What is a tax partnership and why should I care?

By Rob Opitz | Trackback URL No Comments »
Rob Opitz

Assistance on this post provided by Emily Strong.

A tax partnership is a tool used in certain drilling arrangements to ensure that the working interest owner who bears the cost of drilling a well also gets the tax benefits related to those costs.

Consider the following example.  A working interest owner who doesn’t have the cash to drill and develop his property strikes a deal with a third party operator to fund all of the drilling costs in exchange for a working interest in the property.  Even though the operator will incur all of the costs to drill that well, he can only deduct IDC in proportion to his ultimate working interest percentage.  The remaining IDC is treated as additional leasehold cost and is depleted (deducted) over time.  As a result, tax deductions for IDC paid in one year are not realized for tax purposes until later years. 
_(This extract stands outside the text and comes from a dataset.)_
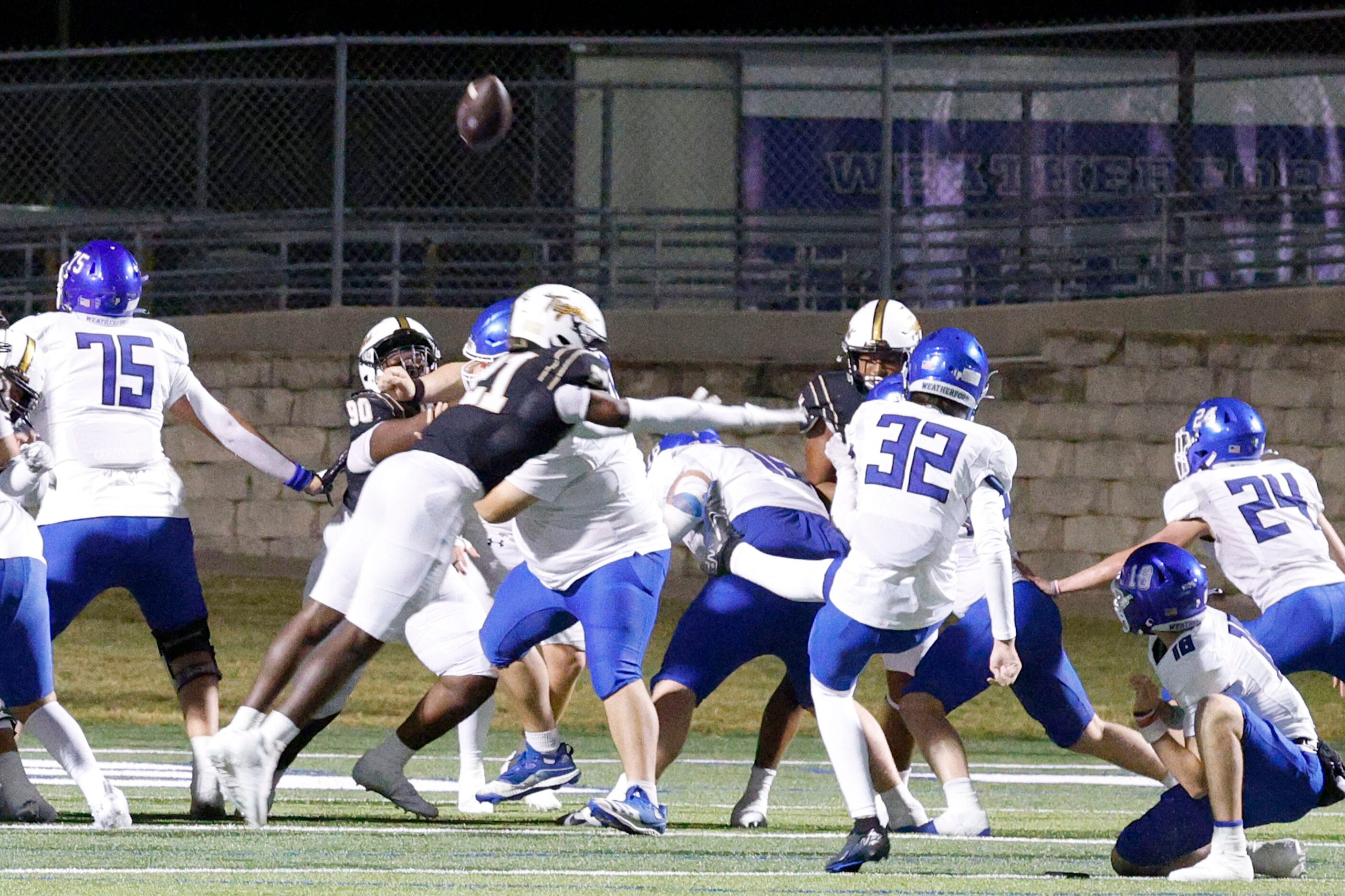 Weatherford's Isaiah Dowd (32) scores a field goal against Mansfield in the first half of a...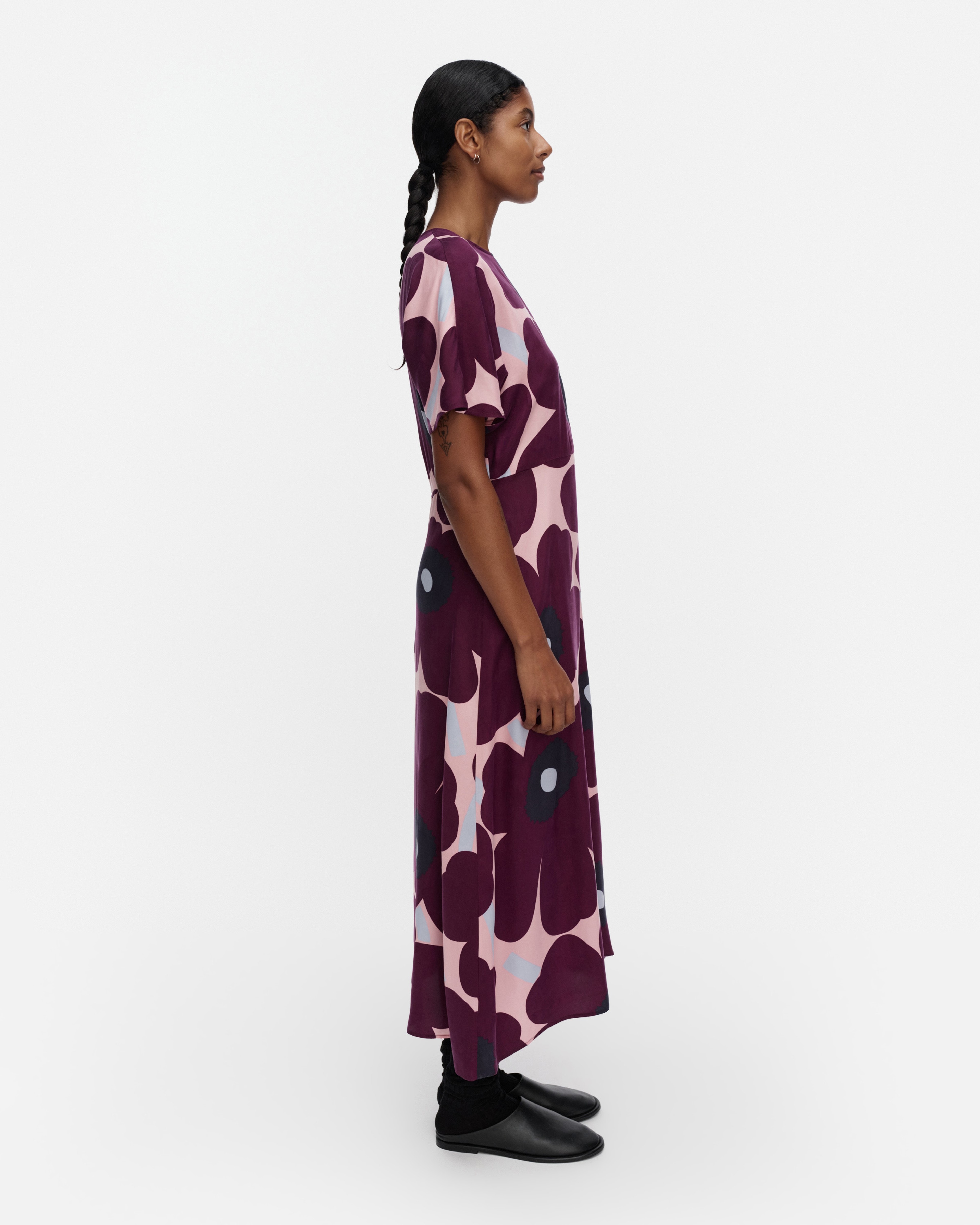 Heleä Unikko, Mekko, tummanliila, va.pun., va.sin.,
Here’s where a tax partnership  can be a huge benefit to the operator.  By establishing a tax partnership and contributing all of the property and the costs of drilling and development to that partnership, all of the costs incurred (and resulting tax benefits) can be allocated to the operator regardless of the ultimate working interest percentages.

Using a tax partnership is not without its hassles.  The biggest headache is the administrative burden of accounting for the activity of the partnership and the requirement to file a federal partnership tax return each year.  Therefore, you should carefully consider the tax implications before deciding to use a tax partnership.

If you have questions about whether you might benefit from using a tax partnership, we can help.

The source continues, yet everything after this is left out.